Prinsip mengenai pemerintahan yang terbuka tidak berarti
bahwa semua informasi mengenai penyelenggaraan pemerintahan boleh diakses oleh
publik tanpa batas. Dalam pemerintahan yang terbuka juga ada pengecualian
kebebasan informasi atau batas-batas keterbukaan.
Keadilan adalah hal yang berkenaan dengan sikap dan tindakan
dalam hubungan antarmanusia. Keadilan berisi sebuah tuntutan agar orang
memperlakukan sesamanya sesuai dengan hak dan kewajibannya.
Keadilan sosial meliputi banyak segi dalam kehidupannya
masyarakat. Keadilan sosial tidak hanya berkenaan dengan upaya mewujudkan
keadilan saja, tetapi juga soal kepatutan dan pemenuhan kebutuhan hidup yang
wajar
Mewujudkan keadilan sosial pada dasarnya adalah usaha untuk
mengubah struktur sosial yang tidak adil agar menjadi lebih adil. Itu berarti,
mengubah struktur ekonomi, politik, sosial, budaya yang menyebabkan orang tak
dapat memperoleh apa yang menjadi haknya atau tidak dapat memperoleh bagian
yang wajar dari kekayaan masyarakat atau negara.
Untuk mewujudkan keadilan sosial, sangat dibutuhkan
keterbukaan. Keterbukaan, yang berintikan kebebasan informasi, akan
memungkinkan masyarakat mengetahui struktur-struktur sosial yang adil. Lebih
dari itu, keterbukaan akan lebih memudahkan upaya membangun kesadaran masyarakat
untuk berpatisipasi dalam membongkar ketidakadilan sosial dan menggantikanya
dengan struktur sosial yang lebih adil.
Keadilan merupakan salah satu ukuran keabsahan suatu tatanan
kehidupan bermasyarakat, berbangsa, dan bernegara. Karena itu, terwujudnya keadilan
perlu diupayakan caranya, dengan memberikan jaminan terhadap tegaknya keadilan.

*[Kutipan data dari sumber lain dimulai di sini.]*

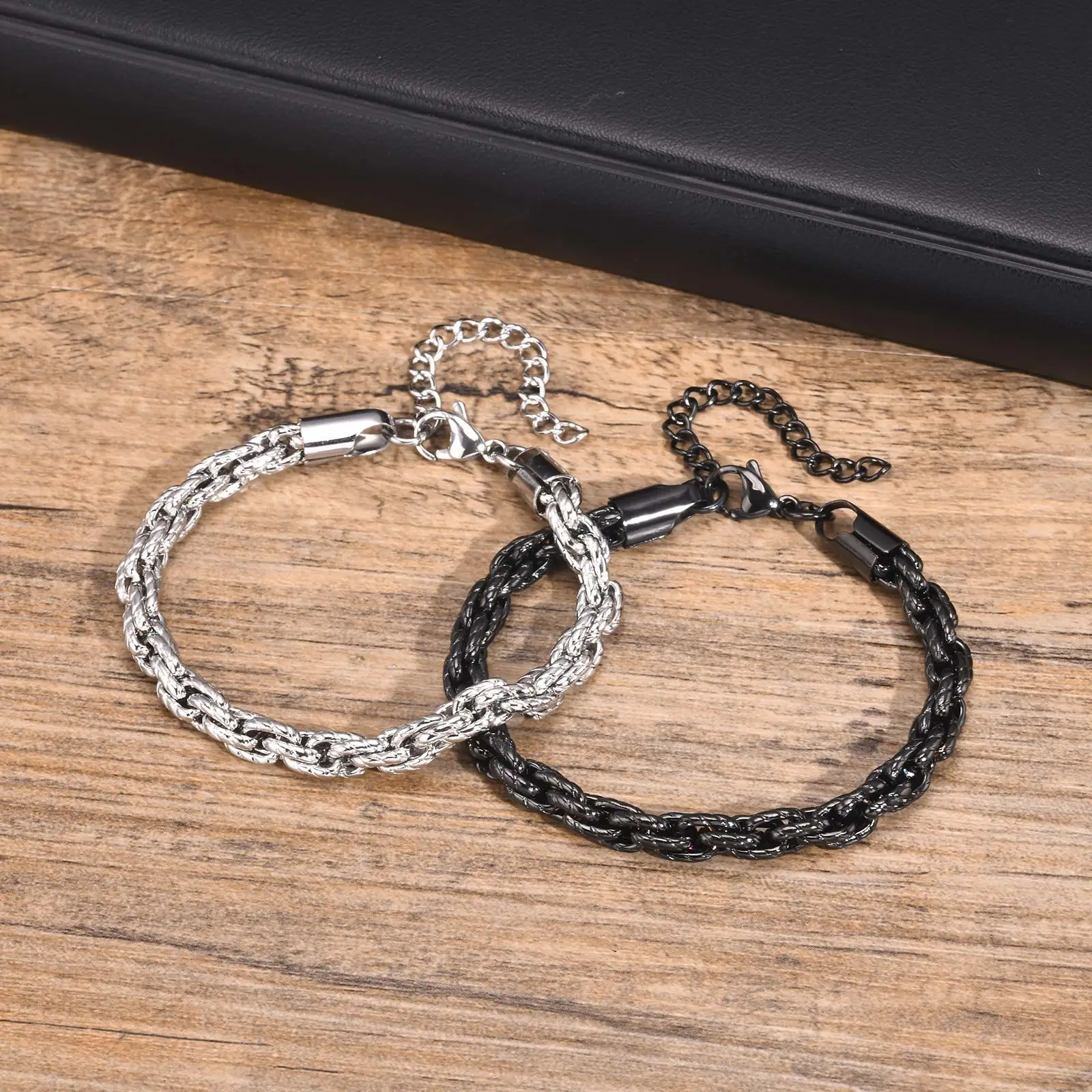 2024 Twisted Woven Bracelet Man Neutral Retro Original Handmade Fashion Party Jewelry Gifts Stainless Steel Twists Chain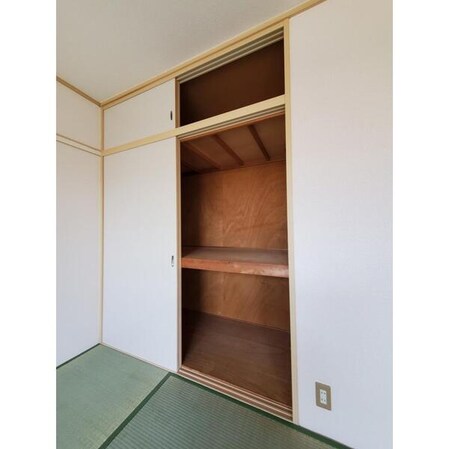 ウエストコートの物件内観写真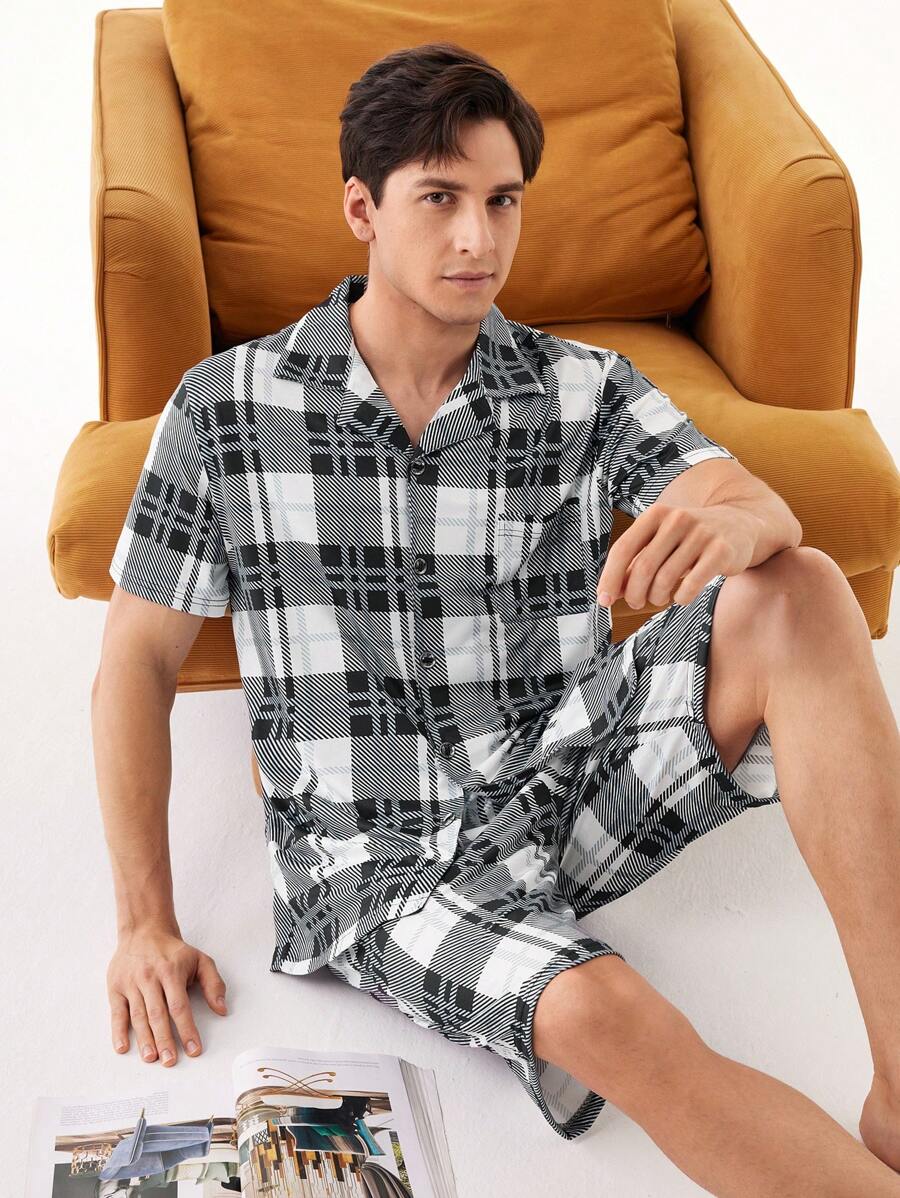 Conjunto de ropa casual para hombre con camisa de cuadros de manga corta de un solo botón y pantalón corto para estar en casa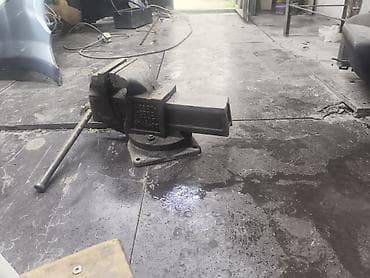 Үй жана бакча: Тиски слесарные поворотные, чугунные/стальные, советского образца — 3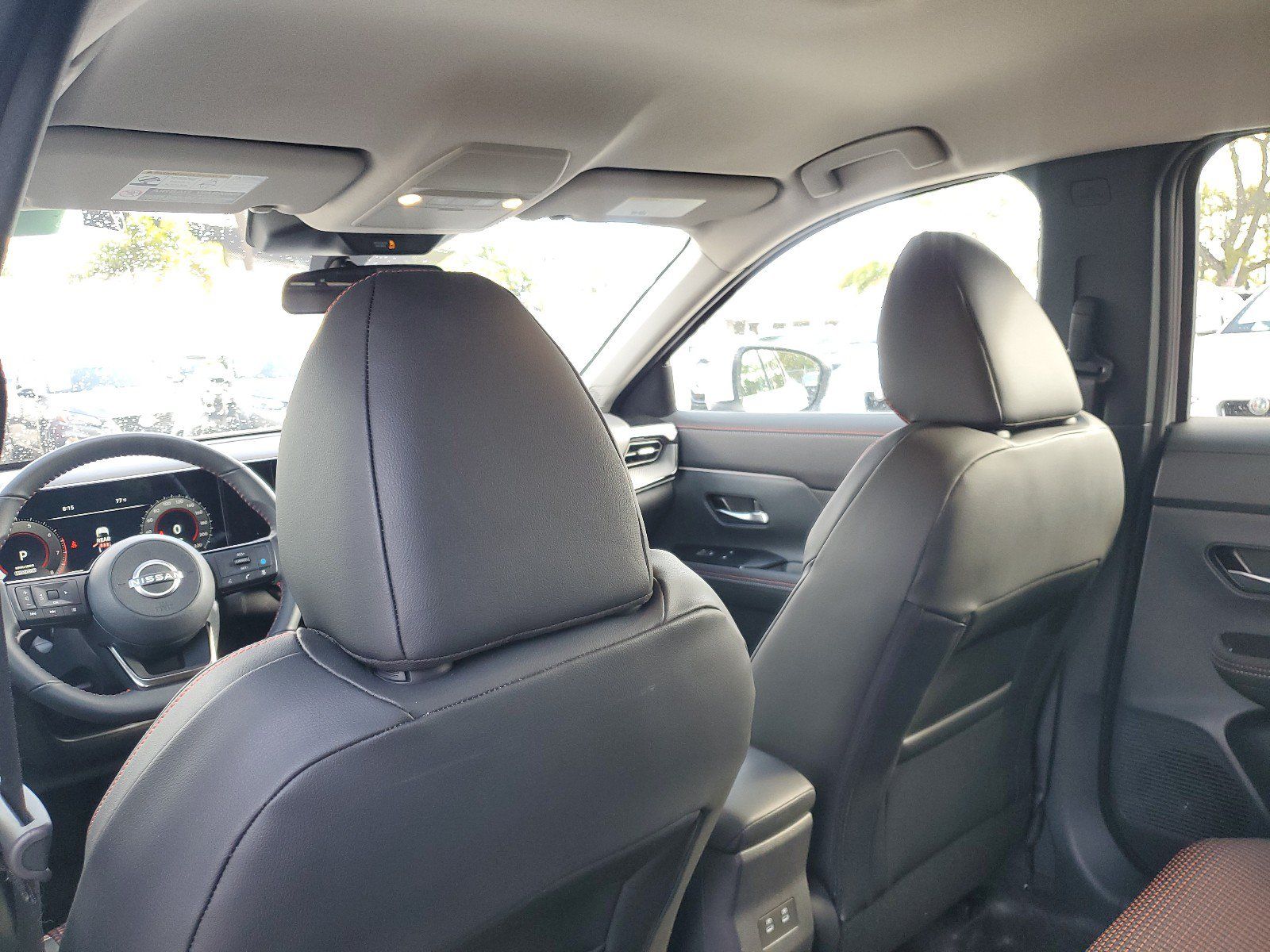 Certified 2025 Nissan Kicks SR AWD/4WD image 13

Pemerintahan yang baik dan demokratis haruslah
diselenggarakan secara terbuka. Penyelenggaraan pemerintahan yang tidak terbuka
akan mengakibatkan terjadinya korupsi politik. Yaitu, penyalahgunaan jabatan
publik untuk keuntungan pribadi atau kelompok
Keterbukaan dan jaminan keadilan memungkinkan terwujudnya
kehidupan berbangsa yang lebih baik dan manusiawi. Karena itu, sudah semestinya
manakala keterbukaan dan jaminan keadilan itu disikapi secara positif oleh
penyelenggara negara maupun oleh warga negara.